Stéphane Bortzmeyer

Using RIPE Atlas to Debug Network Connectivity Problems

Stéphane Bortzmeyer

15 min read

0 You have liked this article 0 times.
1

This article explains how I use RIPE Atlas probes, the official API and custom scripts to debug network issues.


NOTE: The tools presented here has been superseded by Blaeu, available at https://framagit.org/bortzmeyer/blaeu and documented at Creating RIPE Atlas One-off Measurements with Blaeu.

Introduction

Typically a network or system administrator uses tools like ping and traceroute to debug her network problems. Cannot visit fr.wikipedia.org? Let's ping it to see if it is up and reachable. ping times out? Use traceroute, so you will see where it stops. But these tools have a serious limitation for today's Internet: they measure from only one vantage point. In a world of CDN, BGP issues and network filtering, you need several vantage points, which is one of the biggest strength of RIPE Atlas.

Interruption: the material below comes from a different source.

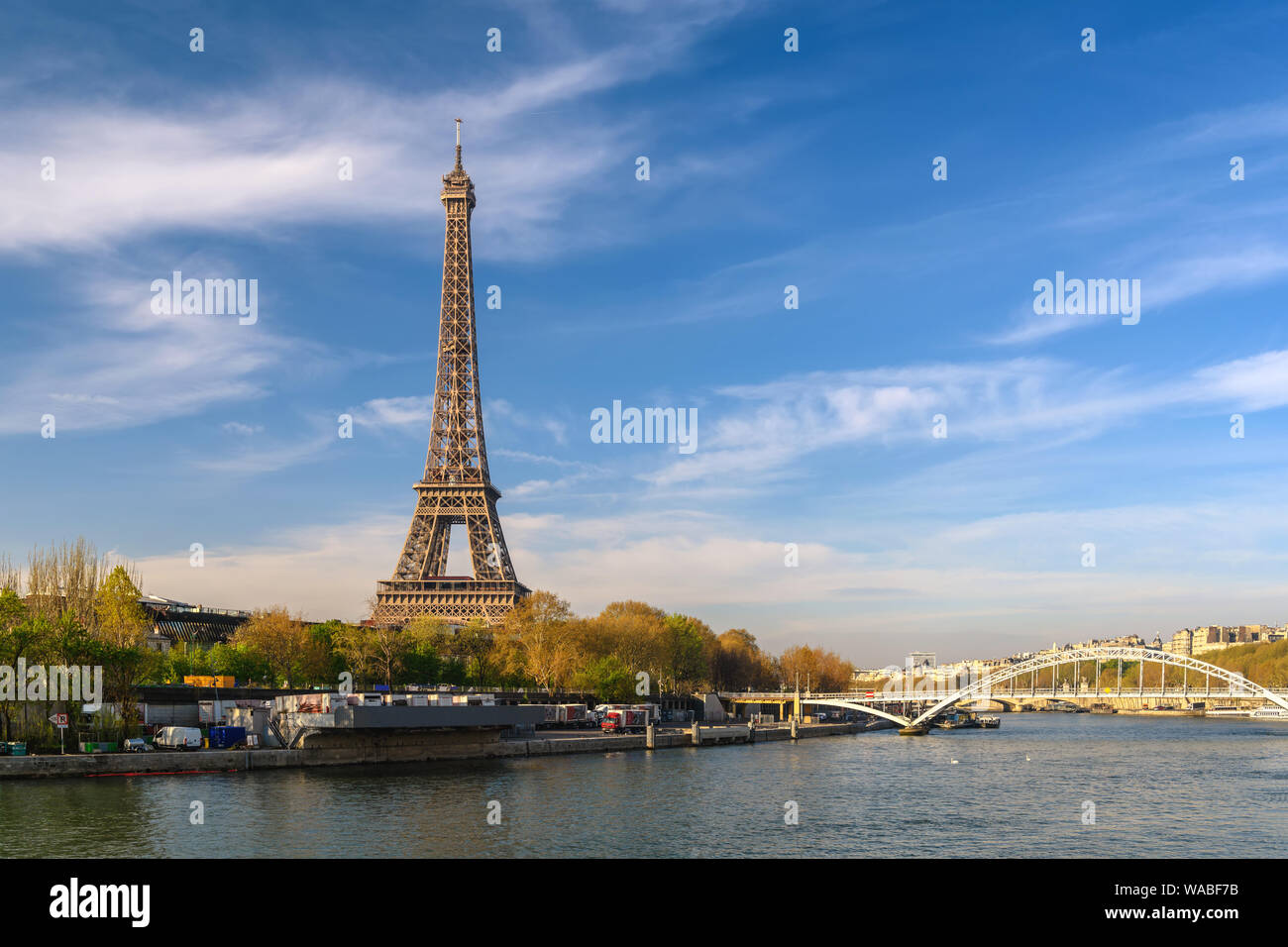 Paris Frankreich City Skyline am Eiffelturm und Seine Fluss Stockfoto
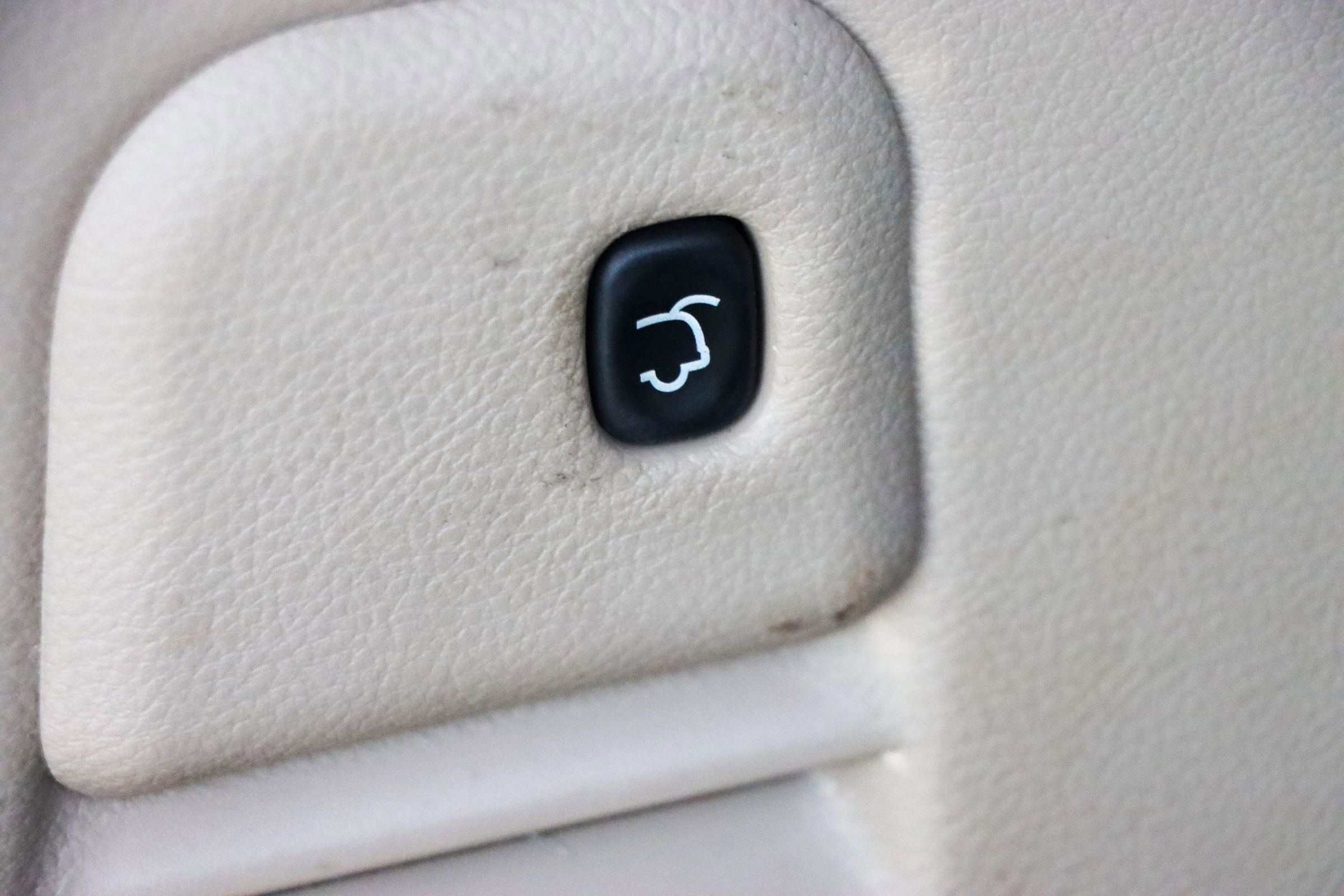 Used 2014 Jeep Grand Cherokee Limited image 24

It is specially important if you use anycast for your service. With anycast, the risk that failure of success depends on the location of the RIPE Atlas probe is much higher.

I explain here ho w I debug. Not because I think that my method is specially good or because I believe that my tools are the best, just to report on an actual ordinary sysadmin experience.

Installation

The tools I use were developed locally, using the RIPE Atlas API. There is now an official command-line tool , but I prefer my own tools because I'm used to them. They were developed long before there was the official tool. They use the version 1 of the RIPE Atlas API (a v2 is planned for a long time but not yet published).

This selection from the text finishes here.